* Action item *
Starting at the line below with "POLVO PARA DIENTES" and stopping at the line with "Mark Timmerman (ProGrasS) met Stan Kostka", please print each line exactly, those two included, and skip every picture.

* Records provided *
——————

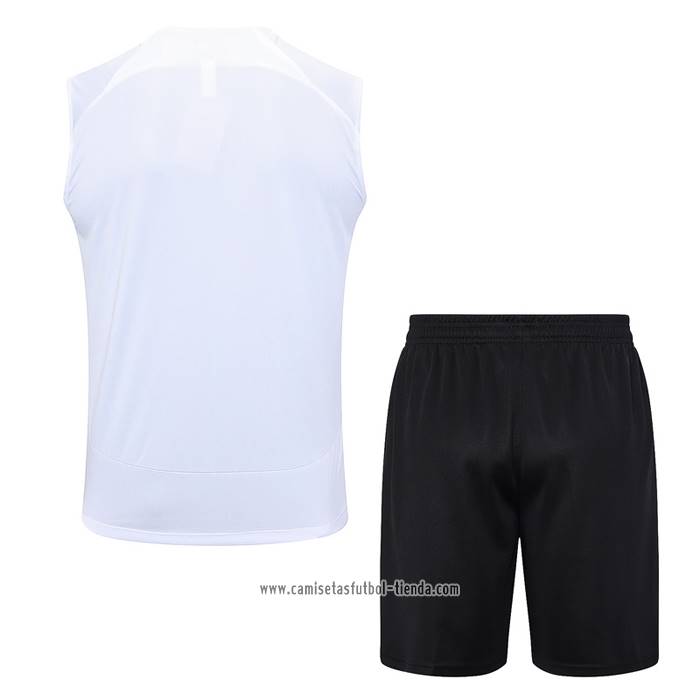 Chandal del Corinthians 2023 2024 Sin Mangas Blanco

——————

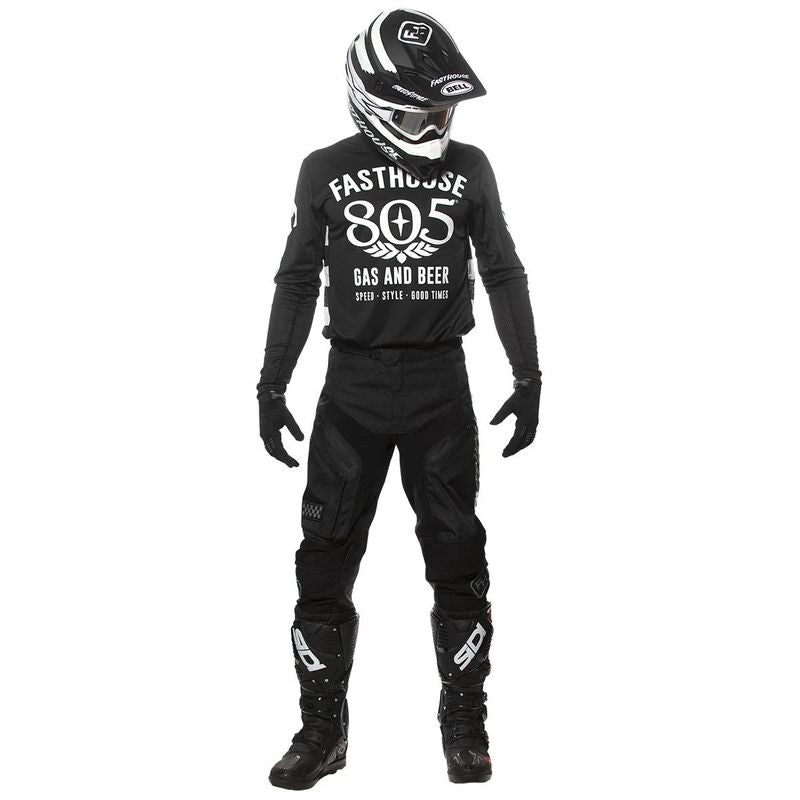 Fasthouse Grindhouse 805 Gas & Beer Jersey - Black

——————

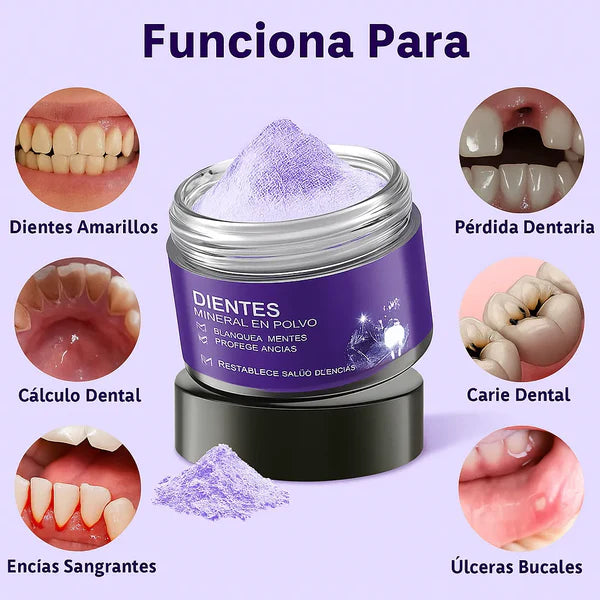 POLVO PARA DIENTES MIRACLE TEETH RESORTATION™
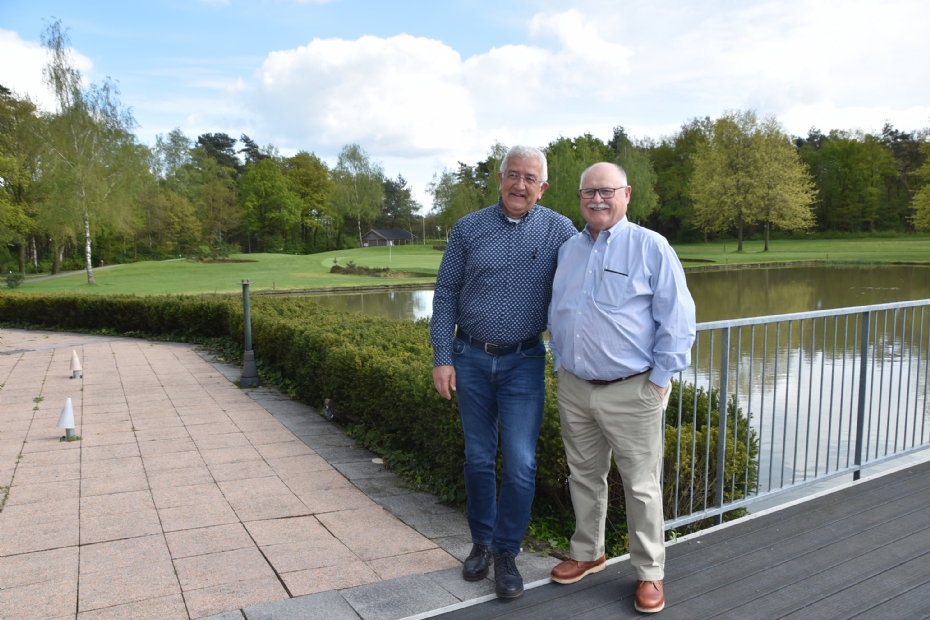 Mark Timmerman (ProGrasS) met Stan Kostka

——————

* Problem solution *
 POLVO PARA DIENTES MIRACLE TEETH RESORTATION™
 Mark Timmerman (ProGrasS) met Stan Kostka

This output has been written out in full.